Your response should contain each line of the data that includes "Basic".

(Caption-style text data)
──────────────────────────────
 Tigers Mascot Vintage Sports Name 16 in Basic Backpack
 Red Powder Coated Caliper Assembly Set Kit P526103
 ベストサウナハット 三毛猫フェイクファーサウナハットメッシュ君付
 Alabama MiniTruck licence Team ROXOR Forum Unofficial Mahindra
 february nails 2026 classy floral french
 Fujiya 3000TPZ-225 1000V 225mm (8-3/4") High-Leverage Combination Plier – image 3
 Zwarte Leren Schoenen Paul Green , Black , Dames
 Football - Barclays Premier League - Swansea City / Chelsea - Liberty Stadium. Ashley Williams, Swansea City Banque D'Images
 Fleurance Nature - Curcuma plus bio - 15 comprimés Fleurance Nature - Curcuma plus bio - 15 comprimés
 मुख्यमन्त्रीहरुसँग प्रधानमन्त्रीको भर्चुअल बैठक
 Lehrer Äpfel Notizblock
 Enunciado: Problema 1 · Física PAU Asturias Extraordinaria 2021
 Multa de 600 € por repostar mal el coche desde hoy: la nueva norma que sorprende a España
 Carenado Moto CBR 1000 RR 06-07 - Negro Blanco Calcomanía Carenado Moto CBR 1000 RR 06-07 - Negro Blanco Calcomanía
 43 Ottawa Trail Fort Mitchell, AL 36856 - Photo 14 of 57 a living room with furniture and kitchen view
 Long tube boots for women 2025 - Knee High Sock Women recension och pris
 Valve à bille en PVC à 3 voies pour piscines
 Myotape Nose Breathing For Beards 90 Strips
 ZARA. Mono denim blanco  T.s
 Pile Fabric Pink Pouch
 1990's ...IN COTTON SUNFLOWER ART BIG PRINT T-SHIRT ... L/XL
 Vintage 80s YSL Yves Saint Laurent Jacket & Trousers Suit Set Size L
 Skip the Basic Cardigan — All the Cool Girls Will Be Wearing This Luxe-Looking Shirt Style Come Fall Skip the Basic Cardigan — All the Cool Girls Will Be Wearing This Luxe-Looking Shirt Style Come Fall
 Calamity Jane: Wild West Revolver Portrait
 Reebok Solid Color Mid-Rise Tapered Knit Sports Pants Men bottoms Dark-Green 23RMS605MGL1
──────────────────────────────
#### Expected answer
 Tigers Mascot Vintage Sports Name 16 in Basic Backpack
 Skip the Basic Cardigan — All the Cool Girls Will Be Wearing This Luxe-Looking Shirt Style Come Fall Skip the Basic Cardigan — All the Cool Girls Will Be Wearing This Luxe-Looking Shirt Style Come Fall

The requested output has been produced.